Trop de monde. Impossible de désigner un coupable et de le clouer au pilori. La vitupérante allergique entama donc à haute et forte voix une tout aussi nauséabonde diatribe afin de jeter l’opprobre sur l’auteur « dans le vent » si je puis dire. C’était sa Majesté qui coiffait l’anonyme impétrant de la couronne ignominieuse. Que n’allait-il faire cela au-dehors pour y faire tomber les mouches ?! In petto, je me fis la remarque qu’elles seraient plutôt attirées. Mais les autres, autour de moi, renchérissaient bruyamment (aussi bruyamment que le coupable avait été silencieux), chacun clamant son dégoût. Le ton monta en même temps que l’odeur. C’était une vraie pétaudière que ce colloque erratique et suffoquant où chacun prenait la parole sans écouter les autres.
Jusqu’au moment où une voix fluette s’éleva pour excuser un peu le Péteur Inconnu : « Peut-être ne l’a-t-il pas fait exprès ? ».
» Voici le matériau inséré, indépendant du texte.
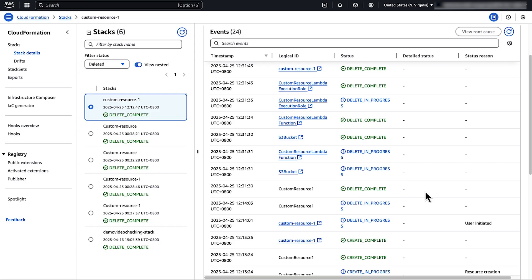So, now you know how to delete a Lambda backed custom resource that's stuck in delete failed or delete in progress status in CloudFormation. Thanks for watching and happy cloud computing from all of us here at AWS.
« Comment ?! », hurla la première et pétulante pétasse pétrie de certitudes, « on peut toujours contrôler ça ! C’est un acte volontaire ! ». Et de nous expliquer, d’un air pète-sec, que la perle est toujours voulue, que le pétard est une arme de destruction massive, que la vesse pétaradante est un crime prémédité et que, si le pervers, ensuite dans le pétrin, s’en repent a posteriori, il n’en est pas moins coupable : s’il a coutume de se sauver comme un pet, il nous laisse les traces de son forfait. La mégère stercoraire glosait à n’en plus finir, sur le ton prout-prout qu’affectionnent les gens de bonne famille, laissant l’assemblée pétrifiée de stupeur. Il fallait séance tenante lancer une pétition pour interdire la perlouse en public. On devait se constituer en groupes d’autodéfense et hanter les réunions pour, en quelque sorte, y faire le pet et dénoncer les coupables aux autorités, comme aux plus beaux jours de Pétain. Elle pétrolait sans cesse, nous crachant des postillons au visage. Ses yeux étaient deux pétoires bleu pétrole fusillant l’assemblée.
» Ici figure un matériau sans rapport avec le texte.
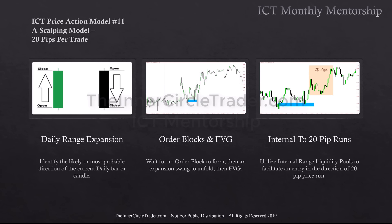So the daily range expansion — what we're going to be focusing on is the identification of the likely or most probable direction of the current daily bar or candle. We're going to be focusing on order blocks coupled with a fair value gap. We're waiting for an order block to form, then an expansion swing to unfold. We qualify valid order blocks with fair value gaps, but sometimes an order block will form a down-close candle near an important key level from a higher time frame level, and that down-close candle may not necessarily have a fair value gap.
Au moment où un pétale se détacha du bouquet de rose ornant la cheminée, je fus pris d’un brusque besoin de beauté et me sauvai, comme un pet moi aussi.
C’est qu’il me fallait réfléchir un instant.
Elle avait tout de même raison : nous contrôlons évidemment nos sphincters. Comme la plupart des animaux que je connais, nous décidons où et quand déposer nos fèces et répandre nos senteurs. Question de stratégie vitale je suppose. Peu importe.
Voilà que du simple chat de gouttière à cette merveille de la création qu’est l’être humain, le processus est le même : pression dans le ventre, demande d’autorisation au cerveau, débat à l’intérieur d’icelui, autorisation ou non. Pour un acte aussi anodin – et même un rien trivial – on s’adresse au cerveau qui trône là-haut, bien protégé dans sa boîte, occupé à philosopher sur le devenir de l’humanité, à calculer la trois millième décimale de Pi ou à s’interroger sur l’heure de fermeture du supermarché. Vous ne trouvez pas que c’est un peu du gâchis ?
Mais il n’y a pas à discuter, le bon dieu l’a voulu comme ça.
Il s’est demandé pendant des jours et des jours (et des jours de bon dieu, c’est long) si le pet devait être sous la responsabilité de la conscience. On ne sait pas ce qui l’a fait trancher dans le sens que nous connaissons aujourd’hui. Il aurait pu dire qu’il en serait pour le pet comme pour les battements cardiaques, que ce serait automatique, avec une puce électronique qui réglait tout ça. Non, il a voulu que nous exercions notre liberté d’humains dans ce domaine. C’est gentil. Bon, on aurait bien aimé pouvoir l’exercer aussi en ce qui concerne le menu du vendredi, le sort à réserver à la femme du voisin, le mariage des prêtres ou l’utilisation de nos autres organes avant le mariage, mais on ne peut pas tout avoir. La liberté de péter, c’est déjà pas mal.
Et puis le bon dieu n’a pas eu forcément le temps de réfléchir à fond à la question. Il avait plein de choses à faire pour être prêt à temps. Combien de points sur le dos des coccinelles par exemple ? Pas facile hein ? Sans compter que je ne sais même pas ce qu’elles font quand elles ont un gaz…
C’est hilarant.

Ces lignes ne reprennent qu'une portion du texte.